__EXERCISE AIM__:
The line containing "Mevsimlik işçilerin zorlu" and every line after it to the end of the records: set those down exactly, without any pictures.

__DATA__:

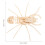 4 Pièces Jeux De Puzzle En Bois Animal Type 4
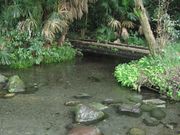 ܂ۂ̓ΒnۑSn̓eʐ^1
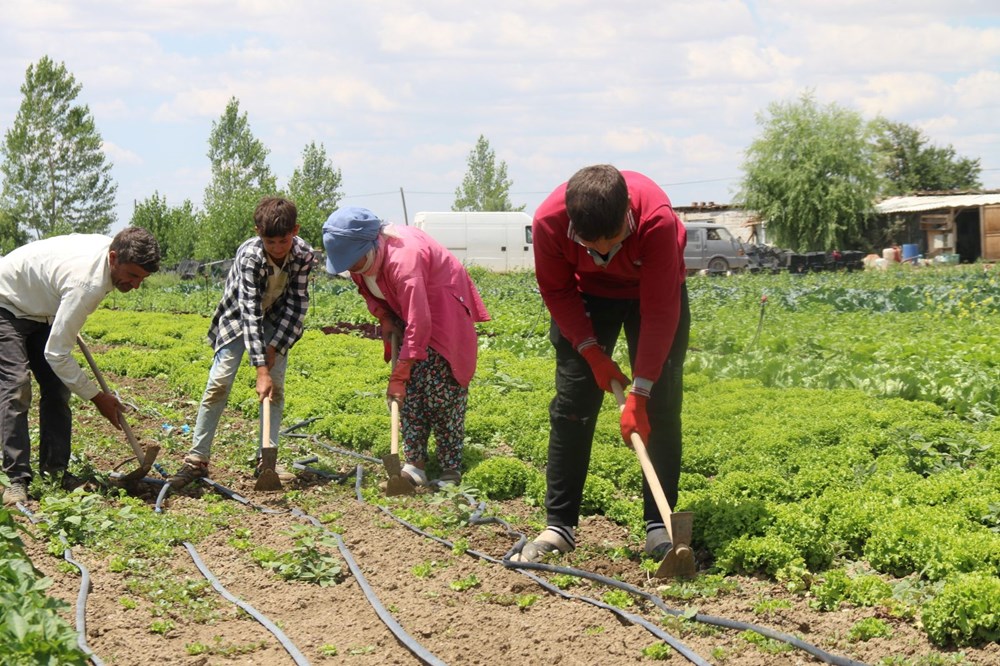 Mevsimlik işçilerin zorlu mücadelesi: Yüksek sıcaklığa rağmen çalışıyorlar - 1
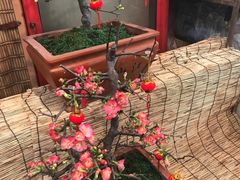-宝鸡东道花鸟鱼虫市场(吉利花园商场店)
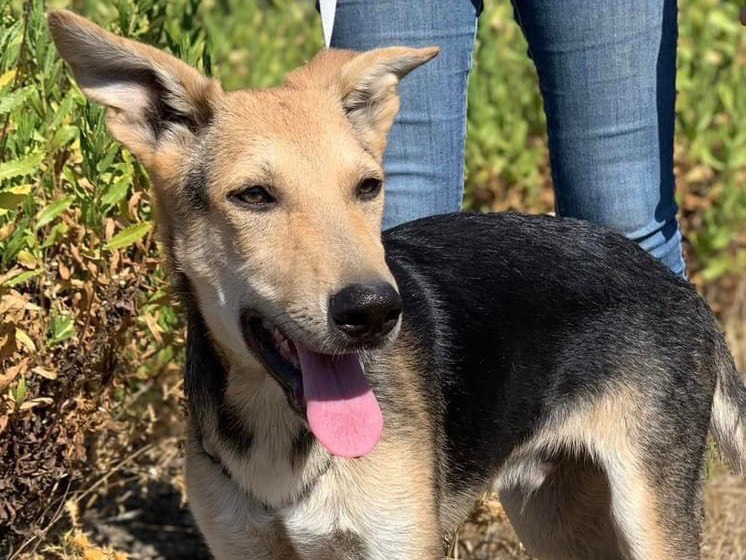 Adozione cane, maschio, Pastore tedesco, 2 anni e 5 mesi, taglia media, Siracusa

__RESPONSE FOR THIS EXERCISE__:
 Mevsimlik işçilerin zorlu mücadelesi: Yüksek sıcaklığa rağmen çalışıyorlar - 1
-宝鸡东道花鸟鱼虫市场(吉利花园商场店)
 Adozione cane, maschio, Pastore tedesco, 2 anni e 5 mesi, taglia media, Siracusa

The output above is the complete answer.